Sustainable fisheries: Commission details progress, profit

sustainable fisheries
© iStock/ gece33

The European Commission has reiterated its commitment to sustainable fisheries in its 2019 Communication on the implementation of the Common Fisheries Policy.

The Commission publishes an annual Communication detailing the progress of fish stock maintenance and the implementation EU-wide of strategies laid out in the Common Fisheries Policy. This year’s Communication further announces a public consultation to be launched tomorrow, 11 June, on the viability of economically sound and sustainable fisheries; and invites ‘interested citizens’ to participate.

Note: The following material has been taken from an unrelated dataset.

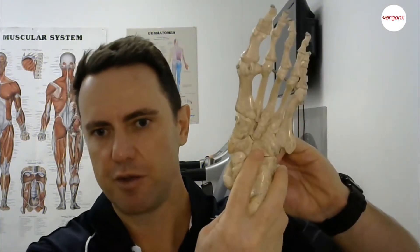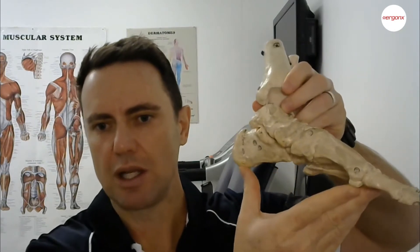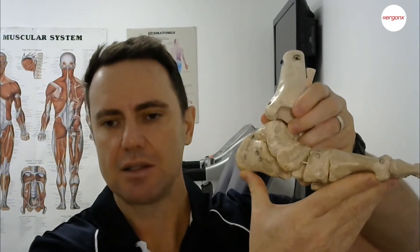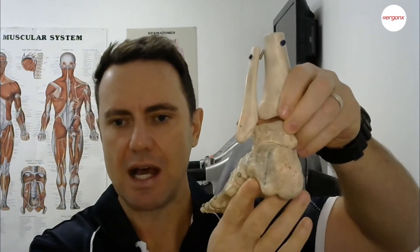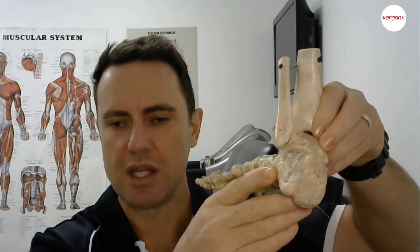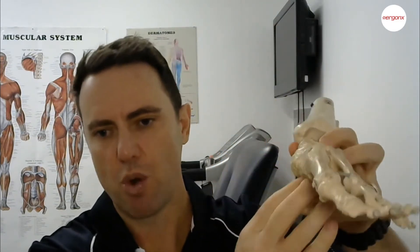How do orthotics help with flat feet is a question we commonly get asked in the clinic. Basically, what happens when you've got a flat foot is your arch collapses or flattens out. This is a left foot — we're looking at the inside of the left foot. When your arch flattens out or collapses like this, the heel also rolls towards the inside.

The Communication lays out the EU’s success in achieving widespread good practice on sustainable fisheries, highlighting the fact that biomass levels in the North West Atlantic are now 36% higher than in 2003. Healthy levels of fish stocks have been shown to lead to improved economic performance by fisheries fleets: overall the EU’s fleet registered a net profit of €1.35bn in 2017, an increase of €0.5bn since 2016; while wages have risen on average 2.7% per year. Fleets targeting stocks which had experienced the highest levels of overfishing performed markedly worse than those fishing in better maintained areas.

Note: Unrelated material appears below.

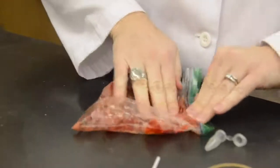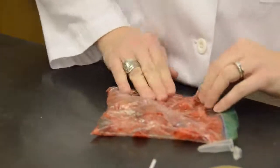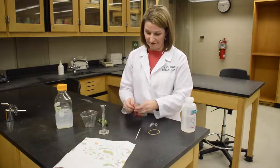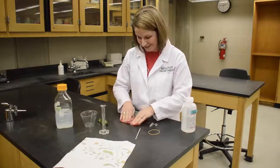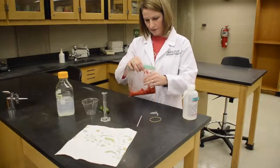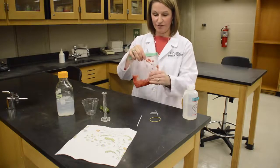Be careful not to break the bag because you're going to get strawberry juice on yourself. If you break the bag, just transfer it to a new bag — no problem. Smush, smush, smush. The more you smush, the better, because you're going to get more DNA out. It's going to start smelling like a smoothie shop pretty soon. Feel free to smush as long as you like — it is a good stress reliever.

Karmenu Vella, the EU’s Commissioner responsible for the Environment, Maritime Affairs and Fisheries, said: “This year we see yet again that our persistent action to restore the health of our shared fish resources are bearing fruit. Thanks to the joint efforts of fishermen, industry, authorities and scientists, our fish stocks are recovering, and the earnings of our fishermen are increasing. This is, of course, great news, but it doesn’t mean in any way that our job is done. Next year is a crucial year. All Member States agreed that by 2020 all stocks must be managed sustainably. For this, we need to step up our actions and deliver on what we set out to achieve.”

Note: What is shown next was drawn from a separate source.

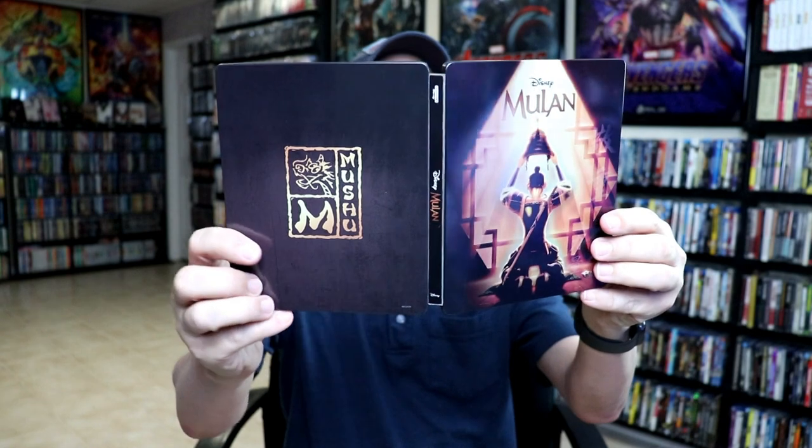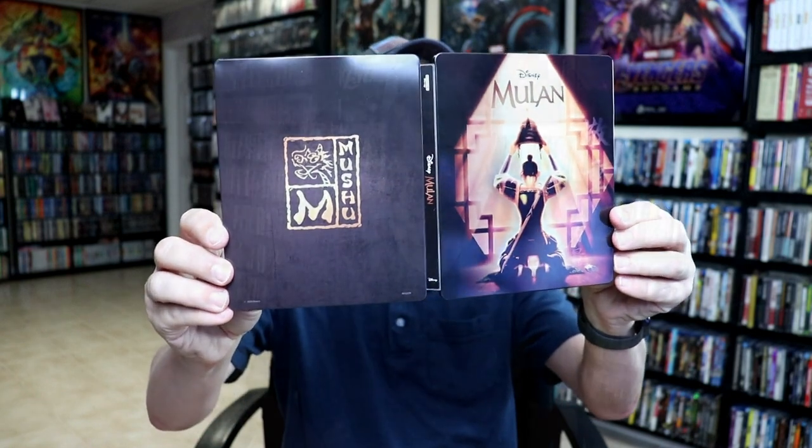Overall, I really like this steelbook. I think it looks really nice. I've gone ahead and placed this steelbook inside a protective bag. This bag will help keep the steelbook from getting scuffed up on the shelf, up against the other steelbooks. I do have a link below if you'd like to check out where I purchase these bags off of Amazon.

Member States have committed to reducing commercial fishing to sustainable levels by 2020, observing the Maximum Sustainable Yield – the highest rate at which habitats can be fished without compromising future stock levels. In its drive toward sustainable fisheries, the Commission aims to pay particular attention to the Mediterranean and the Black Sea, both of which have suffered drastically from overfishing; with 35 out of 40 stocks well below sustainable levels in 2017.